An emergency fund is that cushion. It helps you pay for emergency expenses without “robbing Peter to pay Paul.” You need it, and you need to start building it now.
Remember the money you saved by cutting your spending? All of that money (and anything extra you find lying around) needs to be put into your emergency fund until you have $1,000 saved. Keep socking all your extra money into this fund until you’ve hit that goal.
Step 5) Sticking to Your Budget
Now that you have your $1,000 emergency fund in place, keep watching your budget, tracking your spending, and living below your means. Be sure to compare your spending and your budget a few times a month – or do it a couple of times a week, like I do.
At this point, I’d also look at some of your long-term debt and consider cutting it. Is a car payment holding you back? Is your mortgage or rent too expensive? How much credit card debt do you have?
Better yet, I’d shoot to become debt-free. Pay off your debts quickly using the snowball or avalanche method; then, you’ll really feel like you have some disposable income! Eventually, you’ll want to have 3 to 6 months of expenses saved in your emergency fund. Additionally, you’ll want to have enough saved so you can pay this month’s expenses using last month’s income.
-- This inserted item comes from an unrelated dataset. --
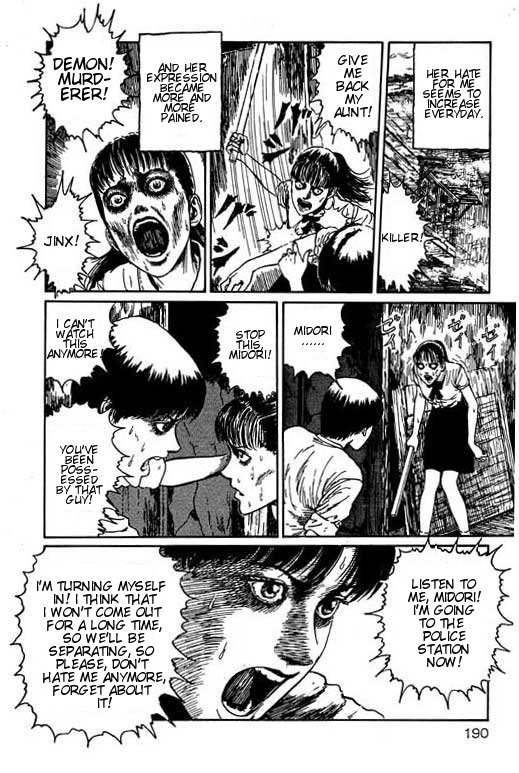 Itou Junji Kyoufu Manga Collection Chapter 15.4 page 32 - Vol.15 Chapter 4: Night of Screams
That’s a long ways off, but just realize it is possible. You can do it, but it takes time and dedication. For now, focus on cutting your expenses, saving that $1,000, and getting back on track! Take it one step at a time, and you WILL get there.
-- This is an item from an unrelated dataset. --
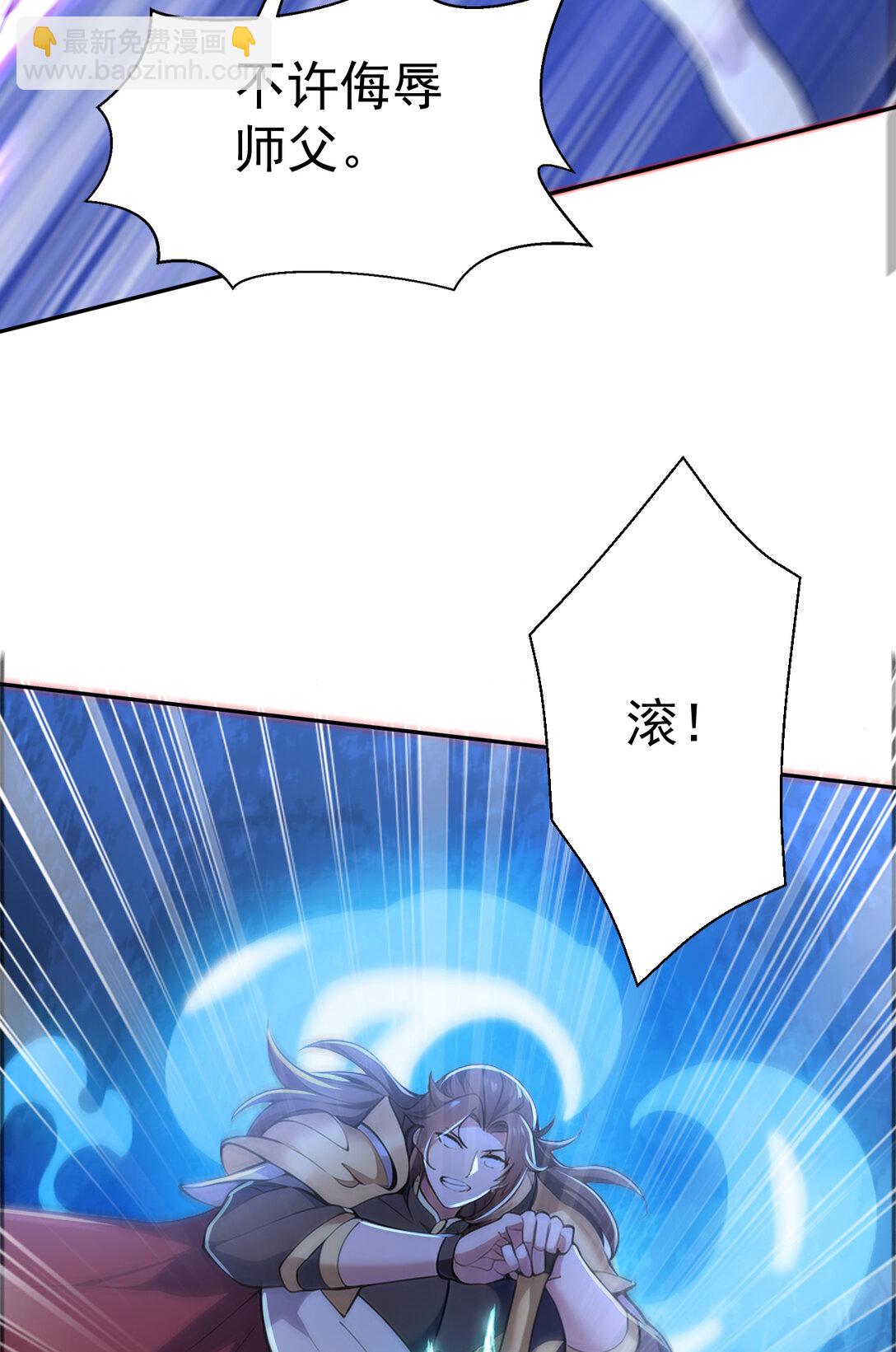 023 勇闯雷霆殿(1/2)-第23话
Falling behind can feel overwhelming. It might seem like there’s no way out, that you’re destined to be broke forever. Nothing is farther from the truth.
You can do it! Countless families have found themselves in the same situation as you. If you’re here, you’ve already taken the first step.
Now, work the system, plug the holes in your budget, and save that $1,000 beginner emergency fund. Once you do, you’ll be prepared to meet most hiccups that derailed you before. And when you can take care of those unexpected expenses, you’re well on your way to leading a financially healthy life!